The Per-Instruction Handler (`sub_5F38E0`)

sub_5F38E0 is the 35 KB per-instruction expansion function. It is called from sub_5FDDB0 indirectly for most non-trivial opcode types. While the dispatch function selects which handler runs, this function performs the actual expansion -- converting one IR instruction into potentially multiple Mercury machine operations with proper register constraints and scheduling parameters.

Initialization

The function initializes a 144-byte local state structure on the stack:

HandleInstruction(state, context, bb_list, is_predicated, pass_number):
    // Zero the local state
    state->ptr_24   = &input_operands
    state->dword_48 = 0
    memset(state+48, 0, 0x10)                // clear 16 bytes
    state->ptr_72   = NULL
    state->byte_40  = 1                      // "first instruction" flag
    state->ptr_88   = NULL                   // last_scheduling_dep
    state->ptr_96   = NULL                   // last_texture_dep
    state->ptr_104  = NULL                   // last_shared_dep
    state->ptr_112  = NULL                   // last_global_dep
    state->ptr_128  = NULL                   // last_barrier_dep
    state->ptr_136  = NULL                   // last_const_dep
    state->ptr_120  = NULL                   // last_fence_dep
    state->byte_41  = 0                      // not in reorder zone
    state->byte_42  = 0                      // no opex needed
    state->byte_43  = is_predicated ^ 1      // inverted predication flag
    
    // Invalidate register state for this basic block
    sub_5EA4F0(context, is_predicated)

The Descriptor Lookup

For each IR instruction, the handler looks up the corresponding target instruction descriptor -- a 184-byte structure that defines the Mercury encoding constraints:

    // Get descriptor index from instruction metadata
    desc_index = *(inst->metadata_ptr + 20)    // metadata[5]
    
    // Lookup in descriptor table (indexed or hash-map backed)
    if desc_index <= target_state->max_direct_index:   // at target+840
        descriptor = target_state->desc_table + 184 * desc_index  // at target+832
    else:
        descriptor = hash_lookup(target_state->desc_hash, desc_index)  // at target+848

The descriptor at pointer v19 has this layout:

Offset	Size	Field	Description
+0	4	`desc_id`	Descriptor unique ID
+4	4	`sched_class`	Scheduling class (stored as `v193`)
+8-103	--	`constraint_bitvectors`	Register constraint data (6 pairs at +8, +40, +104, +120)
+104	16	`src_reg_constraints`	Source register constraint bitvectors
+120	16	`dst_reg_constraints`	Destination register constraint bitvectors
+152	2	`reg_class_0`	Register class constraint word 0
+154	2	`reg_class_1`	Register class constraint word 1
+156	2	`reg_class_2`	Register class constraint word 2
+158	2	`reg_class_3`	Register class constraint word 3
+160	2	`reg_class_4`	Register class constraint word 4
+162	2	`reg_class_5`	Register class constraint word 5
+164	1	`has_src_constraint`	Source operand constraint flag
+165	1	`has_dst_constraint`	Destination operand constraint flag
+166	1	`has_src_bitvec`	Source bitvector constraint present
+167	1	`has_dst_bitvec`	Destination bitvector constraint present
+176	1	`is_pseudo`	Pseudo-instruction flag
+177	1	`is_eliminated`	Eliminated during expansion

Register Constraint Propagation

After descriptor lookup, the handler applies register constraints in a strict order.
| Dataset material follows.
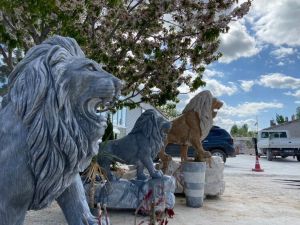 Marble Black Lion Statue
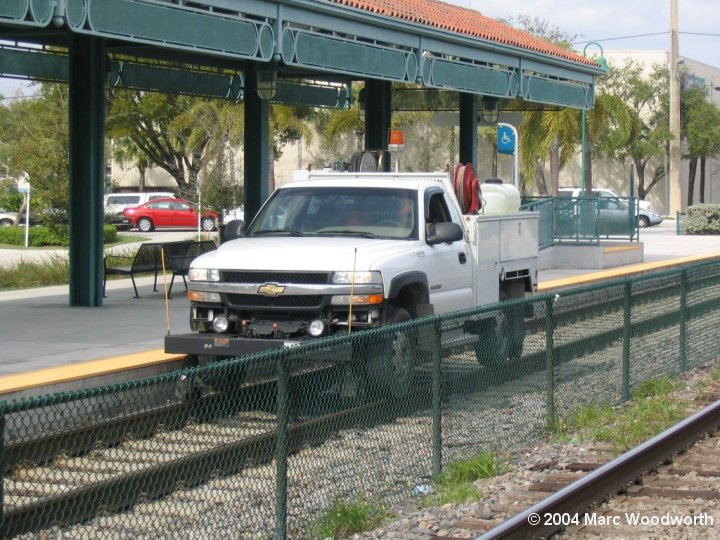 csx_hyrail_truck_hyrailing_southbound.jpg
The constraint system has four layers, each with source (operand_index=0) and destination (operand_index=4) variants, plus bidirectional variants (operand_index=2,3):

    // Layer 1: Simple operand constraints (sub_5F1C50)
    if descriptor->has_src_constraint:         // byte at +164
        sub_5F1C50(context, operands, &offset, node+16, 0, &descriptor[+8])
        sub_5F1C50(context, operands, &offset, node+16, 4, &descriptor[+8])
    
    if descriptor->has_dst_constraint:         // byte at +165
        sub_5F1C50(context, operands, &offset, node+16, 3, &descriptor[+40])
        sub_5F1C50(context, operands, &offset, node+16, 2, &descriptor[+40])
    
    // Layer 2: Bitvector constraints (sub_5F0180)
    if descriptor->has_src_bitvec:             // byte at +166
        sub_5F0180(context, operands, &offset, node+16, 0, &descriptor[+104], 0, 0, 0, 0)
        sub_5F0180(context, operands, &offset, node+16, 4, &descriptor[+104], 0, 0, 0, 0)
    
    if descriptor->has_dst_bitvec:             // byte at +167
        sub_5F0180(context, operands, &offset, node+16, 3, &descriptor[+120], 0, 0, 0, 0)
        sub_5F0180(context, operands, &offset, node+16, 2, &descriptor[+120], 0, 0, 0, 0)
    
    // Layer 3: Register class constraints (6 class words at +152..+162)
    for i in 0..5:
        class_word = descriptor->reg_class[i]  // at +152 + 2*i
        if class_word != 0:
            sub_5F0180(context, operands, &offset, node+16,
                       src_or_dst[i], 0, class_word, 0, 0, 0)
            sub_5F0180(context, operands, &offset, node+16,
                       complement[i], 0, class_word, 0, 0, 0)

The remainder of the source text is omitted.